By Bob Wallace/The Gazette

In order to qualify for the world championships of mountain running, Dan Vega of Colorado Springs needed a top-10 finish in Sunday's Pikes Peak Marathon.

He got it.

Despite falling to ninth place at one point and battling altitude sickness for most of the race, Vega, 29, finished eighth in 4 hours, 14 minutes, 24 seconds.

For the first 61/2 miles Vega kept pace in third position but in the thin air near the summit, he started breaking down.

``The altitude really whacked me today,'' said Vega, winner of the 1995 Triple Crown of Running.

Light-headed, nauseous and feeling weak the last mile to the summit, Vega slowed to a walk and was fifth at the turn.

There he ``wondered if I should just stop.'' Instead Vega ``kept running and hoped it would go away.''

It didn't.
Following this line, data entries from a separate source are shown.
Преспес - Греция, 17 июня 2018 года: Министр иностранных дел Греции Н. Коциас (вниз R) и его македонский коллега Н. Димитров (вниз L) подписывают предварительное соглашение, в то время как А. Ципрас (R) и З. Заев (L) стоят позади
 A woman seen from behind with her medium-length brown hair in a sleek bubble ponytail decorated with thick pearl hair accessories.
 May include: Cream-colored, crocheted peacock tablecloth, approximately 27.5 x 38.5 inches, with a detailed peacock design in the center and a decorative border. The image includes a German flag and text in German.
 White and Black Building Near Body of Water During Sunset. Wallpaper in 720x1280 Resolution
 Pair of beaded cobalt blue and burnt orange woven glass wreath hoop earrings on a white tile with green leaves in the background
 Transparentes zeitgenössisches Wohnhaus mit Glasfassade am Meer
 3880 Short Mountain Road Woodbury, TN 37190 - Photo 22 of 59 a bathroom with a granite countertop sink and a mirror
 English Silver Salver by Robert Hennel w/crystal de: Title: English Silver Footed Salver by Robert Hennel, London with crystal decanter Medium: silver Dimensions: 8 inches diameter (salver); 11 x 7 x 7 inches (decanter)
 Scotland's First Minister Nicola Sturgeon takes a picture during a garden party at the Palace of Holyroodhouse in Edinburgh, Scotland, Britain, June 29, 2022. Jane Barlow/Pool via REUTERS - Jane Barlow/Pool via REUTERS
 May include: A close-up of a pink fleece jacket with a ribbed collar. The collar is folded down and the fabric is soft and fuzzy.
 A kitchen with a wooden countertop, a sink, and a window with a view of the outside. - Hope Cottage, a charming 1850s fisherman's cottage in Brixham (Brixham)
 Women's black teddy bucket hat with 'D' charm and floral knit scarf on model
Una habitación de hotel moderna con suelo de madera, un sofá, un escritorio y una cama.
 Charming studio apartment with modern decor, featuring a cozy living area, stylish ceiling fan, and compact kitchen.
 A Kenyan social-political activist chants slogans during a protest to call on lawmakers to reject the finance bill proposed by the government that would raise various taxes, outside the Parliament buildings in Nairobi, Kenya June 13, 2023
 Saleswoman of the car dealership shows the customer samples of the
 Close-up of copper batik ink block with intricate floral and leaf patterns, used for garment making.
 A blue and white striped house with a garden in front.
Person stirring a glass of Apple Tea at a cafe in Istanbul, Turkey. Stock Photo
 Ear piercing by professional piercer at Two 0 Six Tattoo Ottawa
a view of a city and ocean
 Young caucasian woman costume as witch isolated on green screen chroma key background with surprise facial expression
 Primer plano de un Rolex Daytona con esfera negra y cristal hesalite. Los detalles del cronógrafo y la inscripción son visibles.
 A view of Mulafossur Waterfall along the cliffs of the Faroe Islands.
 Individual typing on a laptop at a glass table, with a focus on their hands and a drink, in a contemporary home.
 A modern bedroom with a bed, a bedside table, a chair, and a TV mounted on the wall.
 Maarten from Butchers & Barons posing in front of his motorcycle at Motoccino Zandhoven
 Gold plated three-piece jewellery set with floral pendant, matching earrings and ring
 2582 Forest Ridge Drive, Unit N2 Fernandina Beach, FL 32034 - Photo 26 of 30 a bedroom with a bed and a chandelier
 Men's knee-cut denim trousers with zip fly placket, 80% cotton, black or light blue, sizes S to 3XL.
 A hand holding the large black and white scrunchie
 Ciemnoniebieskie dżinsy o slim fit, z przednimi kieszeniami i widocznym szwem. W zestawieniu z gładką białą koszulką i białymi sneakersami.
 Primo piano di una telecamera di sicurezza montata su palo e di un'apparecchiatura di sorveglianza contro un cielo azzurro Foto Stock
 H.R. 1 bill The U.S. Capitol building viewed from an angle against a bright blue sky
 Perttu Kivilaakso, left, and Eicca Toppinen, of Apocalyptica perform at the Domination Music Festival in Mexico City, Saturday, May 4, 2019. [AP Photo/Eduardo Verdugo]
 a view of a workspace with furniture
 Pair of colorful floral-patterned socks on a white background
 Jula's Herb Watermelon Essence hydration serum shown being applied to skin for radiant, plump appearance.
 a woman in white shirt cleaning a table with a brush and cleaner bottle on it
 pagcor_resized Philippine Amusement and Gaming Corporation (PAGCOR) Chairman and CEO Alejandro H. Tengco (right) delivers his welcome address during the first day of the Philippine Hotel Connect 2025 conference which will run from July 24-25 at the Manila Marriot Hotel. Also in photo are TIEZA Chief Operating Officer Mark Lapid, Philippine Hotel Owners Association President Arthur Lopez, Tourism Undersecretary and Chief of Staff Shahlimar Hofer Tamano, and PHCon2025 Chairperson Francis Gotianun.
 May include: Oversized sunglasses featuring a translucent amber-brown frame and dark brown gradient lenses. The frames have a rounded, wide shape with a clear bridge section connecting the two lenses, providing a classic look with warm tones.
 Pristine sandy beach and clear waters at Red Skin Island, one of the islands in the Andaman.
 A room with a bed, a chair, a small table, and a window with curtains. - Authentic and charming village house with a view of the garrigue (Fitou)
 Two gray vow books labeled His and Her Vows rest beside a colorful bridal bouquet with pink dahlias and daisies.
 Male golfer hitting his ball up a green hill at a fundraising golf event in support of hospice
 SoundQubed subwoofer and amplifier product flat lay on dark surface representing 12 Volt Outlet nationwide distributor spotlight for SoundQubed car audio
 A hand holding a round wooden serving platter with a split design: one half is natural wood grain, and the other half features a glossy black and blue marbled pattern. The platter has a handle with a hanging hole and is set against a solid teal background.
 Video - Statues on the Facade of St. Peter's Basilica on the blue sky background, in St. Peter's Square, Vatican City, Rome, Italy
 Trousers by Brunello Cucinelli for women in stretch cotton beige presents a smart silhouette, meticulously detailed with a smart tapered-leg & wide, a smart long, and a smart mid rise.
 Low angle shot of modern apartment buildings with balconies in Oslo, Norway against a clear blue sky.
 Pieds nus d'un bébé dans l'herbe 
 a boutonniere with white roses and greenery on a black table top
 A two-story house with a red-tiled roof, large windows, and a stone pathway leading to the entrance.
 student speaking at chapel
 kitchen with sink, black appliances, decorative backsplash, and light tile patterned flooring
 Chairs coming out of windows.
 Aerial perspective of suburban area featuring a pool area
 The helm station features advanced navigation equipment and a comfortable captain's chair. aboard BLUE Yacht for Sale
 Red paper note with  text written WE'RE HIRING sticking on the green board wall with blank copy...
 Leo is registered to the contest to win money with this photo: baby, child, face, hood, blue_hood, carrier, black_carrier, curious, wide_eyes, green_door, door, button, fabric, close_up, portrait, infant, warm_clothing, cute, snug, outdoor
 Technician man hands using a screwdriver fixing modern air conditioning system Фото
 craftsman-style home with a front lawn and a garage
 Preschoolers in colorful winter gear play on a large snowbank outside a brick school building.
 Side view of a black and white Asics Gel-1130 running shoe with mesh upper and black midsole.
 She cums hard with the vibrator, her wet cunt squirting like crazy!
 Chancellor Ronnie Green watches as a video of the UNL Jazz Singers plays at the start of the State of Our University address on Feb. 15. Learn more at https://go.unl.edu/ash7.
On the tricky descent, Vega dropped to ninth.

``I was worried because if someone else caught me I didn't know what I was going to do,'' Vega said.

Fortunately, Vega caught a second-wind on the final 3 miles of the course.

``It felt too easy the last three miles,'' said Vega, who moved into eighth place in that stretch.

``I was just hoping to make it down before somebody caught me.''

The world championship of mountain running will be held in the Czech Republic this year.

BACK IN THE PACK: Returning from a four-year leave-of-absence from running, Terrie Archer of Colorado Springs got back in step by finishing third among the women.

``This is a wonderful comeback for me,'' Archer said of her 5:05:51 time.

Seventh at the turn on the summit, Archer made her move on the descent.

``I trained well, so even though the altitude held me back (going up), I had lots of legs left on the way back down,'' Archer said.

UP THE MOUNTAIN, BUT NOT OVER THE HILL: After competing in seven Ascents, Ben Chavez, 52, of Colorado Springs ran his his first Pikes Peak Marathon Sunday - and won. Finishing 25th overall, Chavez's time of 4:49:49 was best in the 50-55-year old division. He also won the 1995 Triple Crown of Running in the 50-54 division.

JUST THE FACTS: According to race director Carl McDaniel, the 800-plus runners in the Marathon require a lot of support to conq uer a 26.21-miles course that rises 7,815 feet in elevation.

How much support?

Volunteers: over 500. Number of aid stations: 6. Emergency personnel: 50 members of the El Paso county search and rescue team, and 20 paramedics. Sports drinks: 200 gallons at each station. Water: 200-300 gallons at each station.

REAL CHAMPS: Waiting at the finish line was Steve Gachupin, who holds the record of six straight Pikes Peak Marathon wins from 1966-1971. Gachupin, 54, was the first participant ever to run the entire course non-stop. . . . Mario Anaya finished 41st in the Marathon, but what makes it so amazing is that the 48-year-old Mexican finished 216th in Saturday's Pikes Peak Ascent. It was the sixth straight year he has run both.